Much like Prince Akeem went looking for a bride in Queens in Coming To America, I should’ve known Las Vegas was the place to go for a Vega. Right as you make your way out of McCarran International, you’ll probably see this 1971-73 Chevrolet Vega welcoming you to the city. It’s not quite as flashy as the Welcome To Fabulous Las Vegas sign but it’s a local landmark in its own right and a worthy submission for the Great Vega Hunt.
It seems to have been here a while, if not for quite as long as Betty Willis’ famous sign. I’ve seen it pop up on Facebook groups. You can even see it on Google Street View, accompanied by a couple of 80s box Caprices and a 1973 Cadillac Sedan de Ville. Since the Google vehicle captured it in February 2018, it’s been treated to some new tires so it hasn’t been left to rot.
It’s no trailer queen, however, as this front-end damage can attest. The front bumper is missing so the licence plate is sitting on the dashboard. There’s also some bondo, a bit of rust around the rear window, and some standard dings and scratches you’d expect to see on an almost 50-year-old car.
The interior, like the exterior, has some minor cosmetic issues. It’s in need of a reupholstering although it otherwise looks intact.
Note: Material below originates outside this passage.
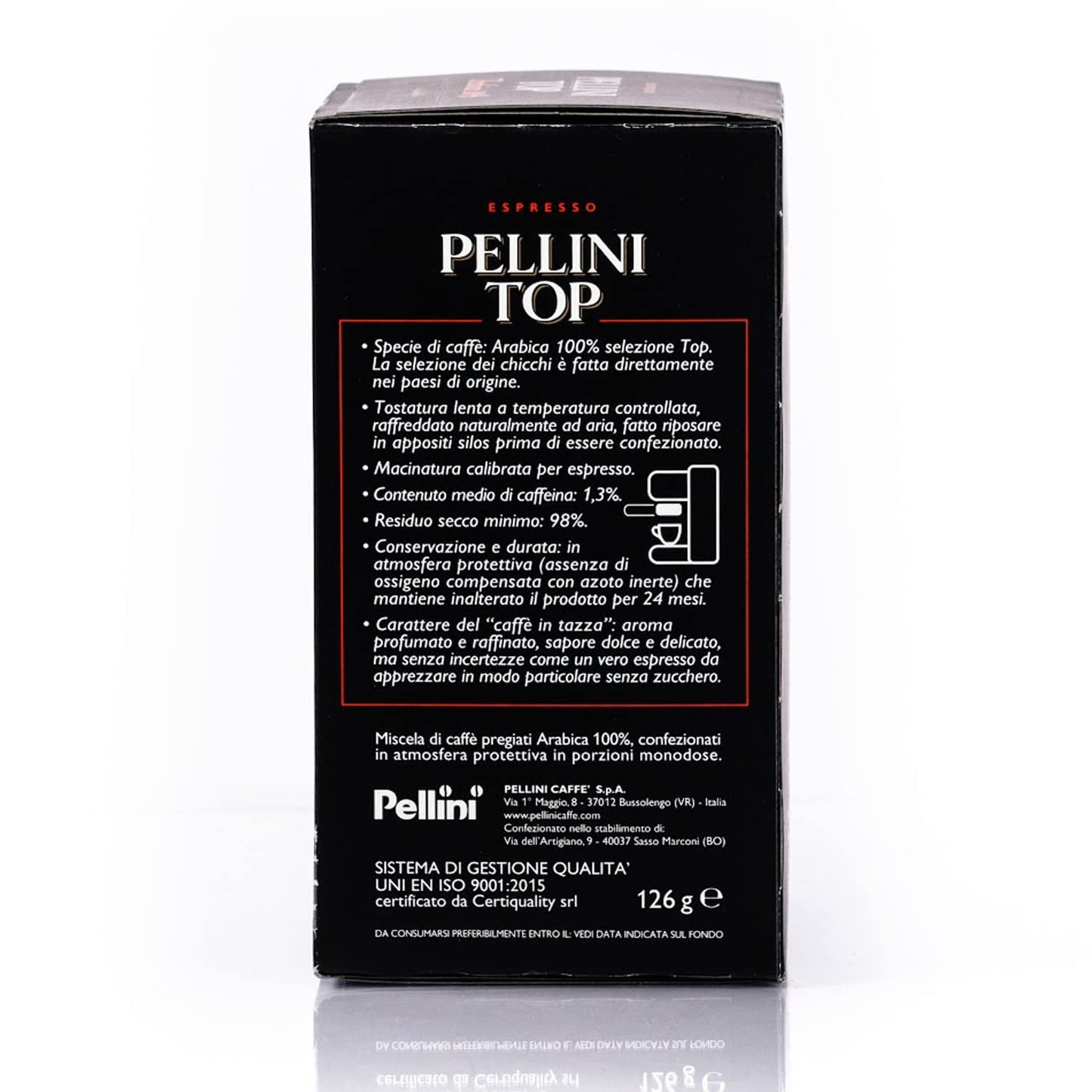 Pellini Caffè, Espresso Pellini Top 100% Arabica - 6 opakowań z 18 saszetkami (6x126 g, łącznie 108 saszetek)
Like the ’74 I photographed on the other side of the country, this Vega is the most popular of all Vega variants: the standard hatchback. Priced around $100 higher than the notchback, the hatchback nevertheless outsold its trunked sibling considerably: by 3-to-1 in ’71, then almost 5-to-1 in ’72 and ’73. In contrast, the Pinto Runabout hatchback only narrowly outsold the trunked version most years. The two Pintos looked much more alike than the two Vegas, however.
Both the hatchback and notchback Vegas were handsome little cars but the advantage of a big hatch and a spacious load bay evidently appealed more to consumers than an enclosed trunk and a quieter cabin. The hatchback, like the kammback wagon, could also be had in sporty GT trim with its 110 hp version of the flaky 2300 four.
With so few visual changes between 1971 and 1973, I can’t pin down the exact model year of this Vega. It could be a ’73 in that year’s Chamois color or it could be a ’71 in faded Yellow Orange. Can anyone identify the year?
Whether it’s a ’71, ’72 or ’73, it certainly meets the criteria Paul set out for the Great Vega Hunt. One wonders though: is it still on its original engine? If so, the owner should head on over to the Strip and try their luck at the tables.
Photographed in Paradise, NV in September 2018.